Five years ago I presented an ENG Safety presentation at the National Press Photographer's Newsvideo Workshop in Oklahoma. I had a tape of Potomac Television Services Corp. employee Al Battle, who was killed while rushing to send a live shot back for CNN. I brought a variety of overhead transparencies showing police reports, news accounts, and safety data.

Included was a well-researched history of elevated structure/power line accidents, and descriptions of laws covering clearance and training mandates. 

To me, the deadly silence among the 350 people in that dark, circular amphitheater was either good or bad news. I wasn't sure if they were asleep or scared.

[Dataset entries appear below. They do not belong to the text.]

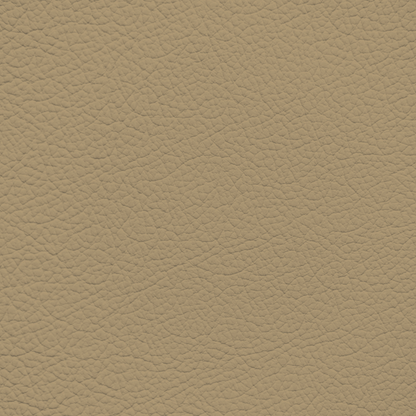 Saab Beige Leather Dye
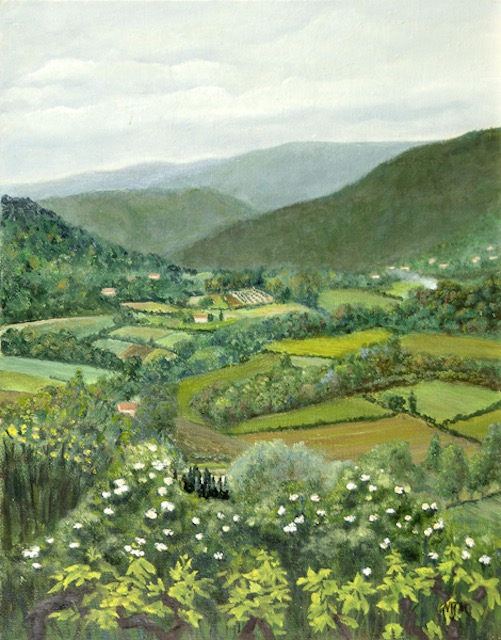 Luberon Valley on Cloudy Day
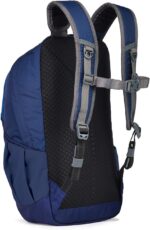1747338978 pacsafe venturesafe g3 25 liter anti theft travel backpackdaypack fits 15 laptop lakeside blue.jpg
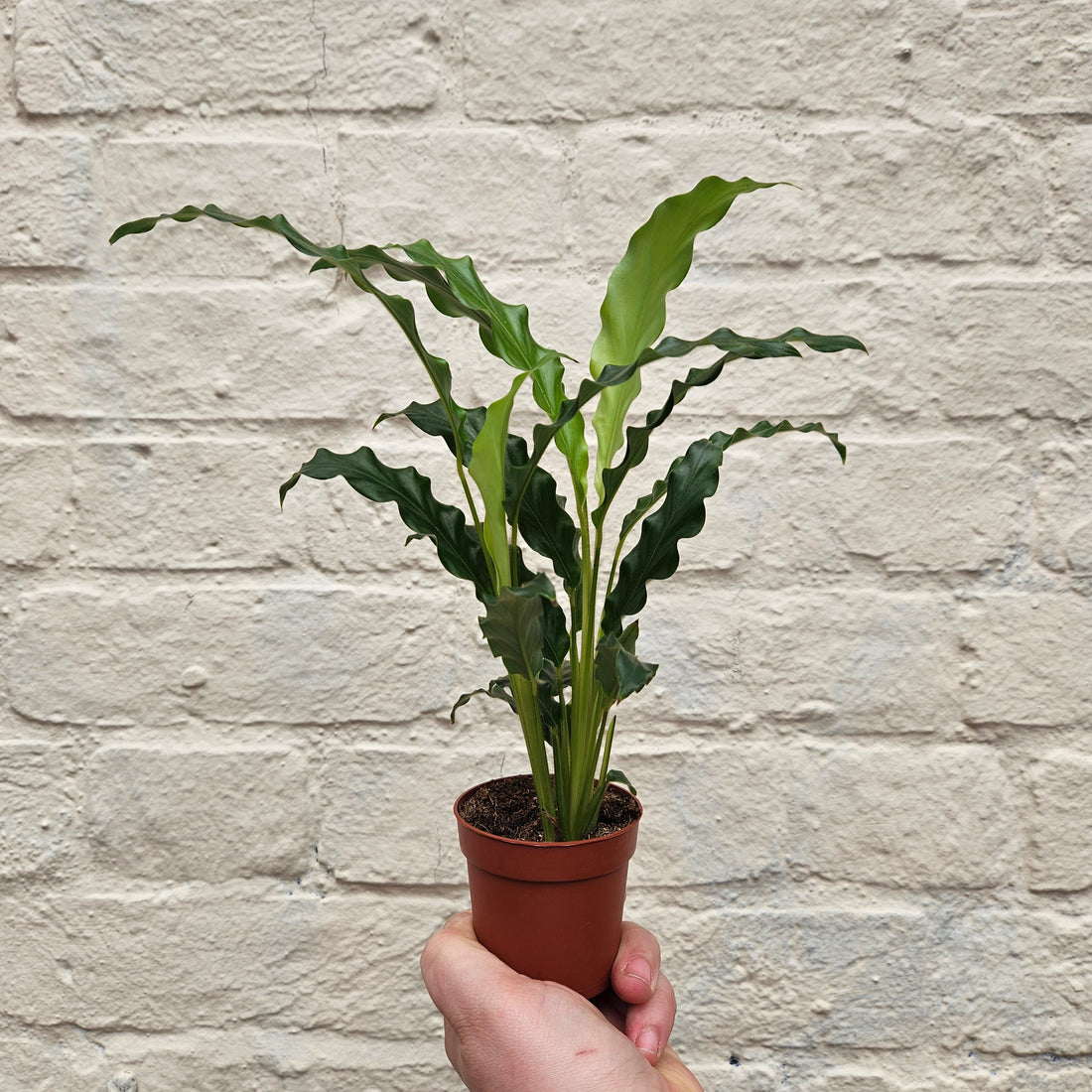 Goeppertia rufibarba syn. Calathea rufibarba (Velvet Calathea) Various sizes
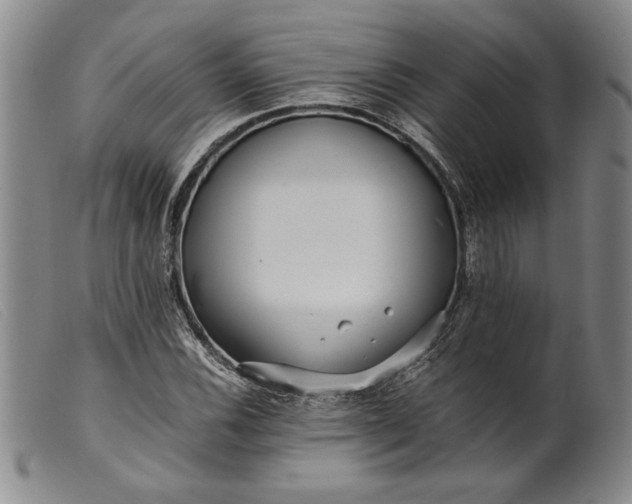 X0000099431116200805231647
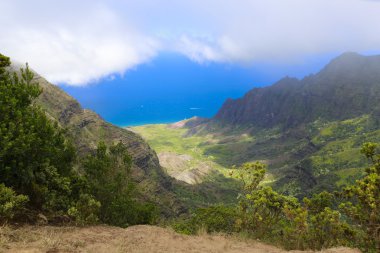 cennet Hawaii Adaları
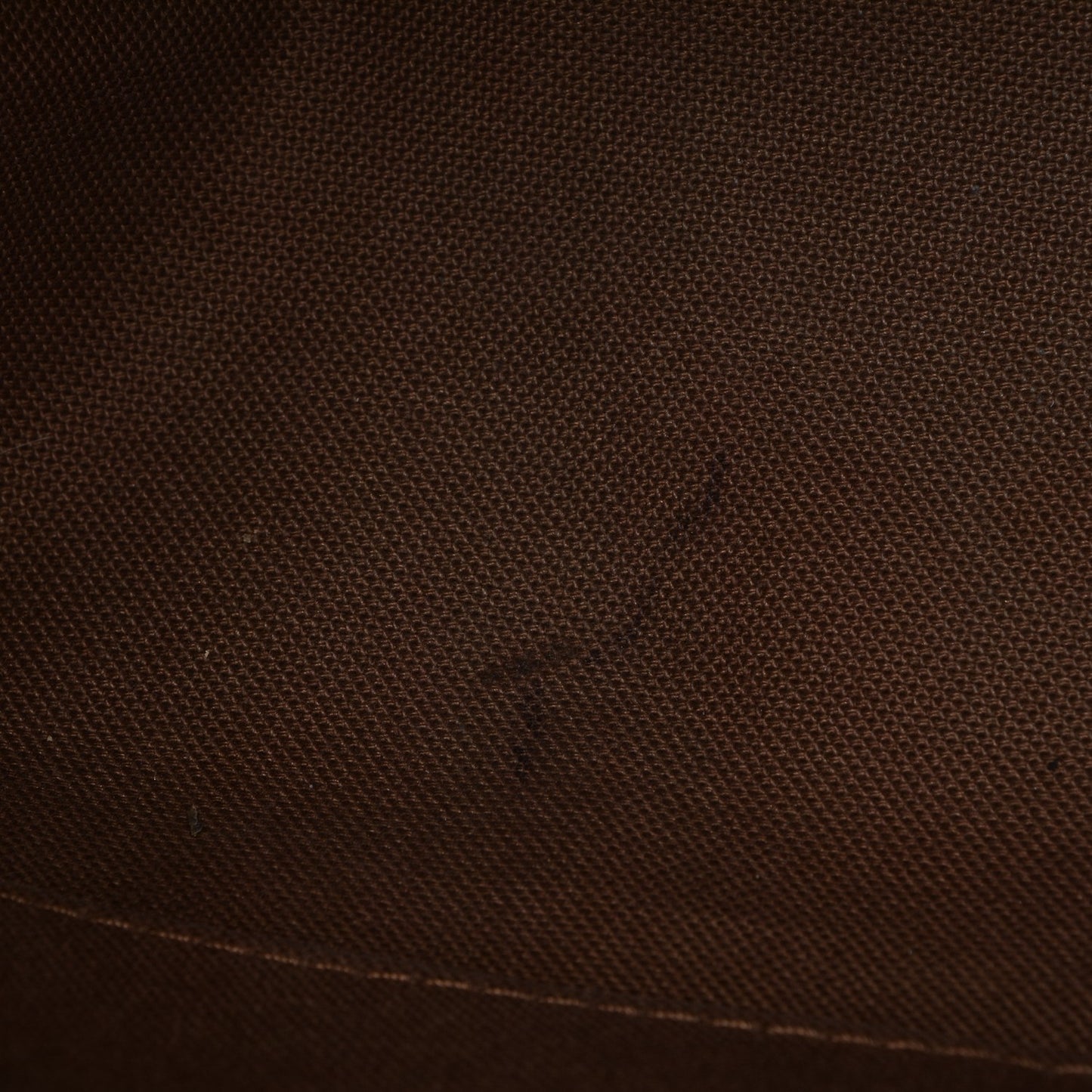 Monogram Sully MM
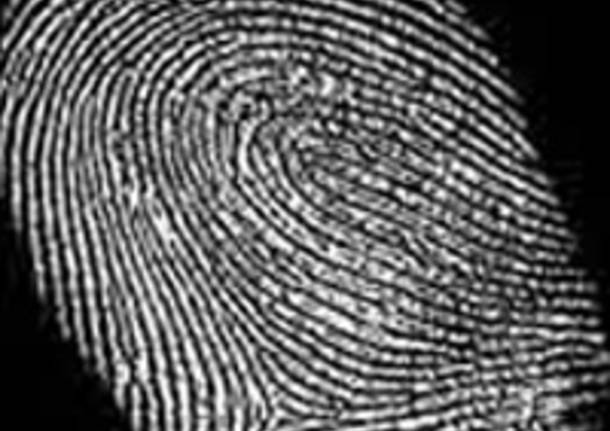 impronta digitale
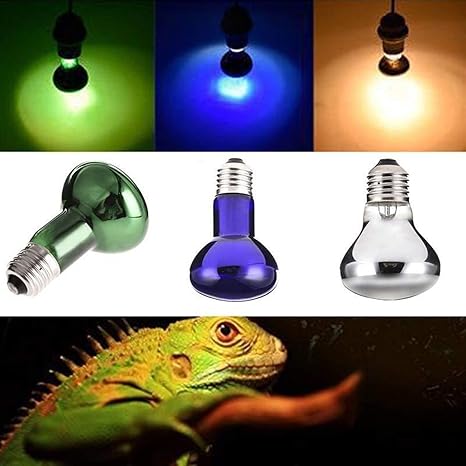 iguana light bulb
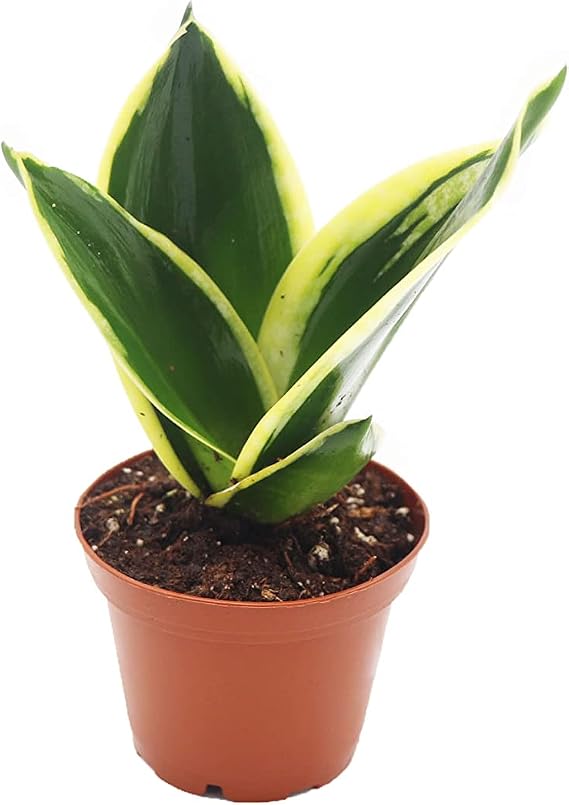 Sansevieria Black Gold - 2" from California Tropicals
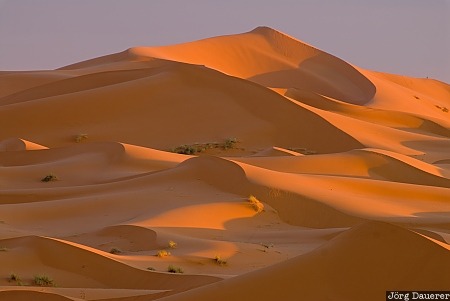 Erg Chebbi Adrouine, clouds, Erg Chebbi, evening light, Meknès-Tafilalet, Merzouga, Morocco, Marokko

After my presentation, about a dozen people came down to talk to me. One told of a few accidents. Another, a close call he survived, ashamed to tell his boss. A third was in tears, telling me she was there when Battle got it, and so scared that nobody would ever know what really got him; we'd all just forget. 

They were scared. 

Those who have learned about Battle, understood why he died, and shared that information with their peers have done a great job trying to teach others to watch out for overhead lines. They have many more tools to use now. Broadcasters should use them.

Those who haven't learned are those to which the saying, "those who forget the past are condemned to repeat it" applies. Unfortunately, it applies to many of today's van technicians, reporters, photographers, newsroom personnel, managers, stations, and their corporate owners.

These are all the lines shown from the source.